Warmer but Richer

James Pethoukokis via Cafe Hayek

In one of its occasional assessments, the Intergovernmental Panel on Climate Change—the cowinner with Al Gore of the Nobel Peace Prize—posited a scenario in which the global economy would grow at about 2 percent a year for the next 100 years (it’s growing at more than twice that pace currently) with "fragmented" and "slow" per capita economic growth and technological change.

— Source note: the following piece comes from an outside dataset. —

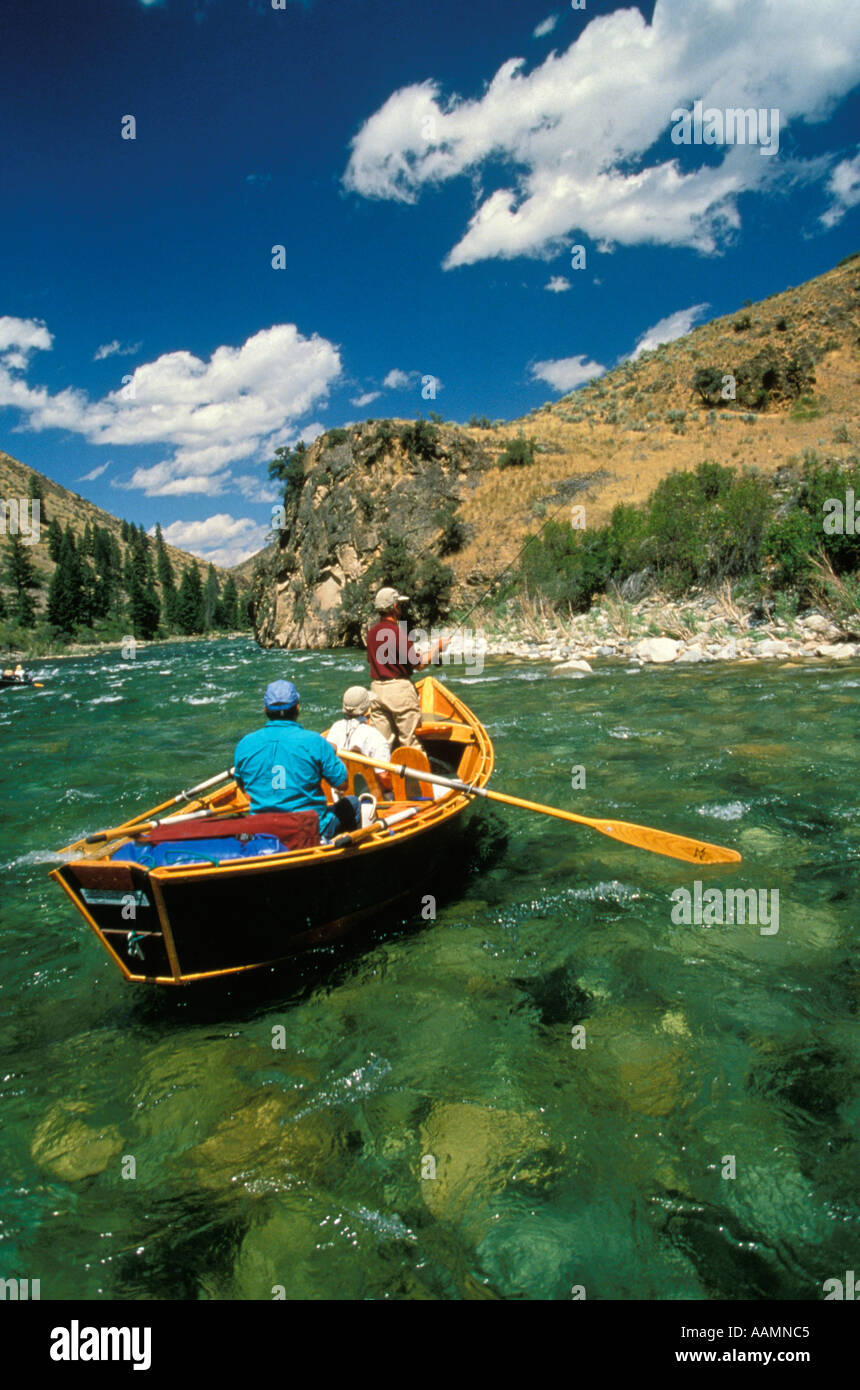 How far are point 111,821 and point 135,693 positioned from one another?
1360cm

Indeed, it is just this scenario that was used by the influential Stern Report on the economic impact of climate change. By the year 2100, the size of the global economy would be $243 trillion. However, there is another IPCC scenario. It imagines "a future world of very rapid economic growth, low global population growth that peaks in mid-century and declines thereafter, and the rapid introduction of new and more efficient technologies." According to this story line, the global economy would grow at 3.5 percent per year, giving us a $550 trillion global economy in the year 2100, more than twice the size of the economy assumed in the first scenario.

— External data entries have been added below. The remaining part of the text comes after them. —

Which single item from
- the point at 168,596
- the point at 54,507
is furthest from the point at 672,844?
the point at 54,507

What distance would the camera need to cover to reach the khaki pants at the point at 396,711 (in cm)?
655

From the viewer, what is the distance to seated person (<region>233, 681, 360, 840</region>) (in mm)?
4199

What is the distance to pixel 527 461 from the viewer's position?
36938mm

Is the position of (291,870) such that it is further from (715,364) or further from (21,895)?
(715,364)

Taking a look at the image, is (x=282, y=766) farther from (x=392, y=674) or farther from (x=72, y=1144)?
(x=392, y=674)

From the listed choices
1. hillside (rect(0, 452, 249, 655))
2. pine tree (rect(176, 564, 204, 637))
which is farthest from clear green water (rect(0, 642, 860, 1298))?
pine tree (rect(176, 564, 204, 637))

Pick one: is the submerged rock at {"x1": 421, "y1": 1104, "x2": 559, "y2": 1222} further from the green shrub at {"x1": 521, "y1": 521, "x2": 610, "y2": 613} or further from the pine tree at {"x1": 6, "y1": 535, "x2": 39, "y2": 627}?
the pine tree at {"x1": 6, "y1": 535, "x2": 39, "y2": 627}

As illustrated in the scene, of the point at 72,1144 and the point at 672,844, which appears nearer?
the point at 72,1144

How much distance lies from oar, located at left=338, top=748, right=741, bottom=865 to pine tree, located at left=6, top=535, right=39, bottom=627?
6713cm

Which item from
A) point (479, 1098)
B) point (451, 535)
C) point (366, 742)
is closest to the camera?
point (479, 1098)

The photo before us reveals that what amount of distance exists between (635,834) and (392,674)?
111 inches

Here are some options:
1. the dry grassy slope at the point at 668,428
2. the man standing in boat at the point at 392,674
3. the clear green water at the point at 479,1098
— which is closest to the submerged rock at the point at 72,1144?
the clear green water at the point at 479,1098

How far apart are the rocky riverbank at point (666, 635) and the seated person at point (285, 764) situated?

I don’t know about you, but give me a century of accelerating technological change and $300 trillion to pay for it, and there are few problems that would keep me up at night. So the question is: Which policies will get us there?

A couple of years ago, people were all asking themselves what the world could do to avoid catastrophes like the Indonesian Tsunami.  I argued the best thing to do was to help poorer countries to develop as fast as possible. 

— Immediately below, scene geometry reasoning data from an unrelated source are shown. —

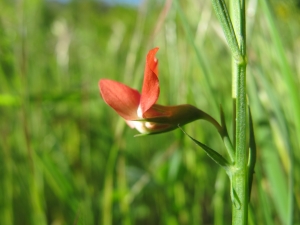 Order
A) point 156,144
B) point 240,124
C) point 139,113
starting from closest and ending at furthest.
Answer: point 240,124
point 139,113
point 156,144

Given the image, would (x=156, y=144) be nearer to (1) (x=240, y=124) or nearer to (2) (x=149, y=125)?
(2) (x=149, y=125)

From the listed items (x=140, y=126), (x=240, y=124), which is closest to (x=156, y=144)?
(x=140, y=126)

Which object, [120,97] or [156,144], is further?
[156,144]

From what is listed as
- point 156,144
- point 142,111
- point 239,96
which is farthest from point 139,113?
point 156,144

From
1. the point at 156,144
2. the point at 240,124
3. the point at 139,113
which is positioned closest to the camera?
the point at 240,124

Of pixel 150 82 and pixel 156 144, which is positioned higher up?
pixel 150 82

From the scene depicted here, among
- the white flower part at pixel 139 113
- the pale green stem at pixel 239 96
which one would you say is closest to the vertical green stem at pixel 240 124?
the pale green stem at pixel 239 96

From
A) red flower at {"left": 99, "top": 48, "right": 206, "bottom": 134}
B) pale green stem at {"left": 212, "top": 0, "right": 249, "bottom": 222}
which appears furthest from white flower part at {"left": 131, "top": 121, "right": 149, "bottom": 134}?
pale green stem at {"left": 212, "top": 0, "right": 249, "bottom": 222} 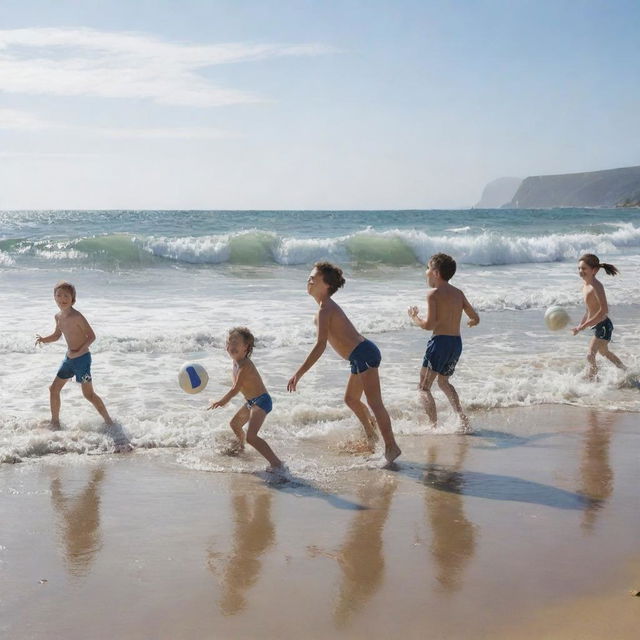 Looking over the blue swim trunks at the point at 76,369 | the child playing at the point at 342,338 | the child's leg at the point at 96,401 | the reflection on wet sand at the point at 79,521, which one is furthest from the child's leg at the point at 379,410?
the blue swim trunks at the point at 76,369

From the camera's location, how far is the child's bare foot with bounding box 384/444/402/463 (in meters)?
5.80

Ironically, the primary way to avoid such disasters is not by reversing human technology (as global warming activists want to do), but by increasing it, in the form of warning systems and evacuation routes.  Global warming advocates actually want to keep everyone poor – they blame wealth and progress for global warming, but note that wealthy countries like the US (the global warming great Satan) has had the technology and the wealth to afford to put systems in place that would have prevented such a huge death toll.  Wealth, prosperity and technology are what would have averted this disaster, and it is just these things that global warming advocates oppose for Southeast Asia.

One thought on “Warmer but Richer”

  1. The scenario is called the A1 family. Unfortunately, there was a political argument against Stern adopting it. The A1 family of scenarios is based on increasing globalisation and increasing free trade, both in ordinary economic activity and in technologies (especially power tech).

    The Stern Report was commissioned by the government of Great Britain, which is a member of the European Union; in turn, the European Union is, primarily, a protectionist customs union: that is to say, the EU is an organisation that, by design, hampers free trade.

    To say that our best chance of beating AGW (even supposing that it exists) is to break up protectionist entities such as the EU was not politically desirable for the British government (which would, in any case, benefit — both financially and through the increase in power — by scaring its populace.